Title:  Bel Canto
Author:  Ann Patchett
Release date:  May 31, 2001
Publisher:  Harper Perennial
Pages:  352
Genre:  Literary fiction
Source:  Personal copy

In a small South American country a party is being held in honor of an important Japanese businessman.  Roxanne Coss, a famous opera singer, has been hired to sing at the party in order to persuade Mr. Hosokawa, the businessman, to attend – the party’s hosts are hoping that Hosokawa will decide to build a factory in this country.  Just as the Roxanne is finishing her opening sequence, the lights in the building shut off and eighteen terrorists enter the mansion, looking for the president – who has, unfortunately, decided not to attend the event.  When the terrorists realize that they are not going to get what they came for, a hostage situation occurs – fifty-eight important people from around the world, including the opera singer and the Japanese businessman, are trapped inside the house with these terrorists for an indefinite period of time.  As the stand-off occurs, unexpected friendships, bonds, and even romantic relationships form inside the mansion.  But the situation clearly cannot last forever, something has to give – will it be the terrorists, or the government of this country?

That summary was not easy for me to write because while Bel Canto has a somewhat simple premise, there is so much more to the novel than just the fact that it is a hostage situation.  And that’s what makes it so difficult to talk about, too, there are so many layers here and I don’t think I can properly explain my feelings on the book.  But I’ll certainly try.

There are so many wonderful things about Bel Canto. I was expecting a lot from the book, and I actually think it defied my expectations.  What absolutely kept the story moving for me was the different characters I was able to fall in love with.  Patchett really brought these people to life for me – from Mr. Hosokawa, to Roxanne, to Gen, to Carmen – every person in the book was written with a truly distinct voice and I loved them all.  The relationships between them were what made the book so special.  In spite of the terror they were all feeling, they formed these deep bonds and intense friendships and even fell in love … and it was just such a joy to read about them.  I especially enjoyed when we got a little peek into the terrorists’ minds.  Understandably so, the reader wasn’t given much from inside their heads, but there was enough to understand that most of them were just as scared and confused as the hostages were.  Many of the terrorists were young, under eighteen even, and were just doing what their superiors has told them to do – and living in the mansion during this time was the most luxurious life they could have ever hoped to have.  It was no wonder they weren’t anxious to see the situation come to an end.

I don’t want to spoil anything, so I won’t talk about who with who, but I will say that there were two significant romantic relationships in Bel Canto that really solidified towards the end, and these two were my absolute favorite things about the book.  I couldn’t turn the pages fast enough as I read more about these people and the love they had found in this unexpected place.

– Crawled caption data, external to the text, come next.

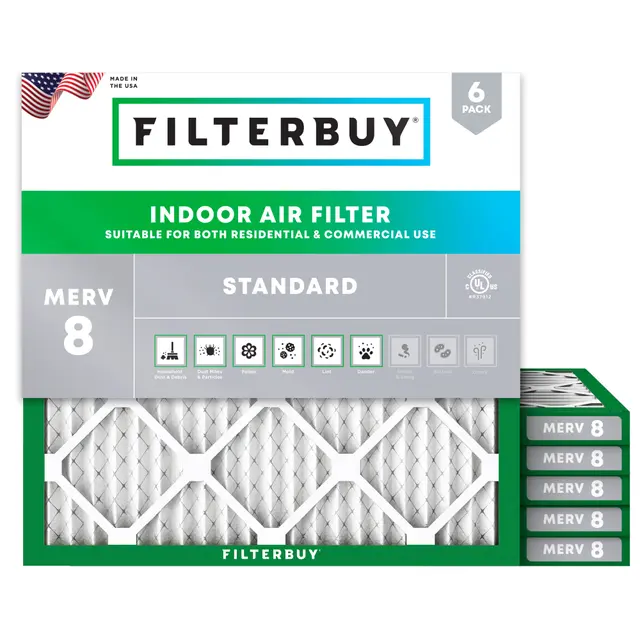 24x24x1 MERV 8 Pleated Air Filter - 6 Quantity
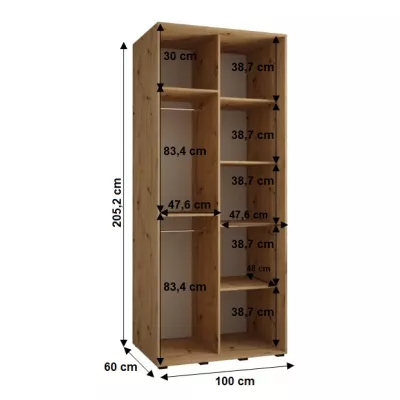 Šatníková skriňa YVONA 1 - 100/60 cm, biela / čierna / strieborná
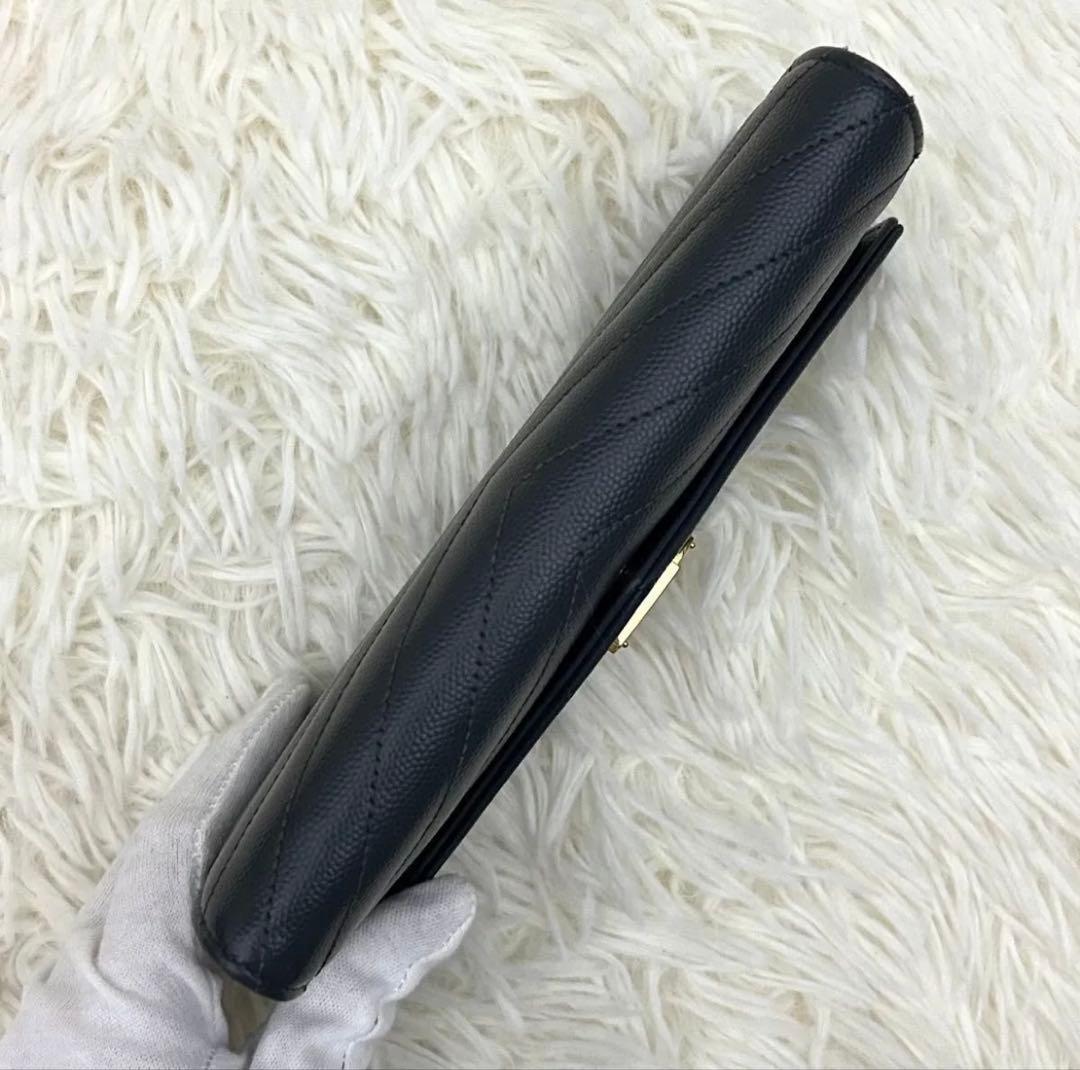 ［極美品］SAINT LAURENT YSL カサンドラ 長財布 グレー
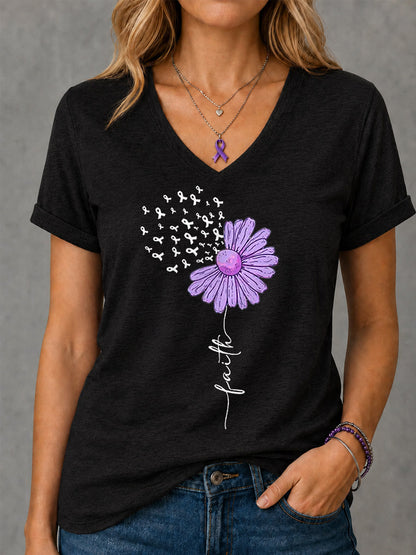 Kvinders lilla Ribbon Solsikke Tro Print Alzheimers bevidsthed Support V-Neck Tee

Obviously eighteen terrorists and fifty-eight hostages cannot live together in the vice president’s mansion in love and harmony forever.  While reading the book, it was quite clear that this situation would end at some point – and it was also clear that the end would not be pretty.  So there was this ominous feeling throughout the novel that really got into my bones when I was reading it.  In the back of my mind, no matter what was happening in the story, I constantly felt this vibe that something Very Bad would occur.  Soon.  While it made me uncomfortable to feel this way, especially as I was falling more and more in love with the characters, the feeling really propelled me to keep turning the pages.  At certain points throughout the novel, I literally could not stop reading.  It was all I could do to read slowly and savor the book.

And Bel Canto is a book that deserves to be savored.  Because Patchett is a master of her craft – really, her writing is divine.  The way she put the story together and got into these characters’ heads, and did it all with beautiful phrases to be savored, she truly amazed me.  The only thing about Bel Canto I did not like was the ending… and not because it wasn’t a good ending, because it was, but it made me cry and it made me very, very sad and other than that I don’t want to spoil it.

Bel Canto is a wonderful book that I highly recommend.  It is a novel that will stay with me for a long time.